++++ RECORDS SHOWN
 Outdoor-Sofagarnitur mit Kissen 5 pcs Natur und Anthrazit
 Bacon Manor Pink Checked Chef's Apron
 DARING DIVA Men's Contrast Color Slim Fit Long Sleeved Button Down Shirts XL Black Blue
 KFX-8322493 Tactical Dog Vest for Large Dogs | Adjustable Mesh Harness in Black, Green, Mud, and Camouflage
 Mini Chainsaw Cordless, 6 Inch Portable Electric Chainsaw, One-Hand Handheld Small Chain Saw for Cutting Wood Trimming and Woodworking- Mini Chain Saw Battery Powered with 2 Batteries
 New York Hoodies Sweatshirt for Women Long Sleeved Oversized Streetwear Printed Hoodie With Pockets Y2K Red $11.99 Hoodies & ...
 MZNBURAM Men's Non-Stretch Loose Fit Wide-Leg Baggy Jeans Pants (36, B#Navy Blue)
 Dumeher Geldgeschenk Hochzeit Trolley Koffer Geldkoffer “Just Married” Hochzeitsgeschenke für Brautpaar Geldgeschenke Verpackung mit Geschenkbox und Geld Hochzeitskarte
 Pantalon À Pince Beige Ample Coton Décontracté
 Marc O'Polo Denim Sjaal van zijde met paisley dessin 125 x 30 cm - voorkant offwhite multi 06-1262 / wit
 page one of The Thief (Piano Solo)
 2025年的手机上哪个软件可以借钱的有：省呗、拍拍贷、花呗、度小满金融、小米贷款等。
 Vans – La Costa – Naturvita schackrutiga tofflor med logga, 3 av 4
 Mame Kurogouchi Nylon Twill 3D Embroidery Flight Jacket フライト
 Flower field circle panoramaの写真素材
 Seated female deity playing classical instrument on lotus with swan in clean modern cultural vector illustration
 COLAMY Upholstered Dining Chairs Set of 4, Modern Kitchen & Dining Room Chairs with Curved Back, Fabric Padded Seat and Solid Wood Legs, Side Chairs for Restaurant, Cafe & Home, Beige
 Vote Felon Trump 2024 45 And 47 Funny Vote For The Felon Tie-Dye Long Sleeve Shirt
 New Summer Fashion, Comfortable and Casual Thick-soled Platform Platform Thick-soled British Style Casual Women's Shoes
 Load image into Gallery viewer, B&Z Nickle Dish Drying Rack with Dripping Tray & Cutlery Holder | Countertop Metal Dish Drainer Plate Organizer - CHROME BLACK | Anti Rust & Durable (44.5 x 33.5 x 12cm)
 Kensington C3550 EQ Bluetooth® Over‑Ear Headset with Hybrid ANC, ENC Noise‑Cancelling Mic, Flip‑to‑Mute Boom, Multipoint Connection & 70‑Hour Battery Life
++++++++
**WHAT IS REQUIRED:**
An exact copy of all the entries is what's needed; write it out.

**RESULT:**
 Outdoor-Sofagarnitur mit Kissen 5 pcs Natur und Anthrazit
 Bacon Manor Pink Checked Chef's Apron
 DARING DIVA Men's Contrast Color Slim Fit Long Sleeved Button Down Shirts XL Black Blue
 KFX-8322493 Tactical Dog Vest for Large Dogs | Adjustable Mesh Harness in Black, Green, Mud, and Camouflage
 Mini Chainsaw Cordless, 6 Inch Portable Electric Chainsaw, One-Hand Handheld Small Chain Saw for Cutting Wood Trimming and Woodworking- Mini Chain Saw Battery Powered with 2 Batteries
 New York Hoodies Sweatshirt for Women Long Sleeved Oversized Streetwear Printed Hoodie With Pockets Y2K Red $11.99 Hoodies & ...
 MZNBURAM Men's Non-Stretch Loose Fit Wide-Leg Baggy Jeans Pants (36, B#Navy Blue)
 Dumeher Geldgeschenk Hochzeit Trolley Koffer Geldkoffer “Just Married” Hochzeitsgeschenke für Brautpaar Geldgeschenke Verpackung mit Geschenkbox und Geld Hochzeitskarte
 Pantalon À Pince Beige Ample Coton Décontracté
 Marc O'Polo Denim Sjaal van zijde met paisley dessin 125 x 30 cm - voorkant offwhite multi 06-1262 / wit
 page one of The Thief (Piano Solo)
 2025年的手机上哪个软件可以借钱的有：省呗、拍拍贷、花呗、度小满金融、小米贷款等。
 Vans – La Costa – Naturvita schackrutiga tofflor med logga, 3 av 4
 Mame Kurogouchi Nylon Twill 3D Embroidery Flight Jacket フライト
 Flower field circle panoramaの写真素材
 Seated female deity playing classical instrument on lotus with swan in clean modern cultural vector illustration
 COLAMY Upholstered Dining Chairs Set of 4, Modern Kitchen & Dining Room Chairs with Curved Back, Fabric Padded Seat and Solid Wood Legs, Side Chairs for Restaurant, Cafe & Home, Beige
 Vote Felon Trump 2024 45 And 47 Funny Vote For The Felon Tie-Dye Long Sleeve Shirt
 New Summer Fashion, Comfortable and Casual Thick-soled Platform Platform Thick-soled British Style Casual Women's Shoes
 Load image into Gallery viewer, B&Z Nickle Dish Drying Rack with Dripping Tray & Cutlery Holder | Countertop Metal Dish Drainer Plate Organizer - CHROME BLACK | Anti Rust & Durable (44.5 x 33.5 x 12cm)
 Kensington C3550 EQ Bluetooth® Over‑Ear Headset with Hybrid ANC, ENC Noise‑Cancelling Mic, Flip‑to‑Mute Boom, Multipoint Connection & 70‑Hour Battery Life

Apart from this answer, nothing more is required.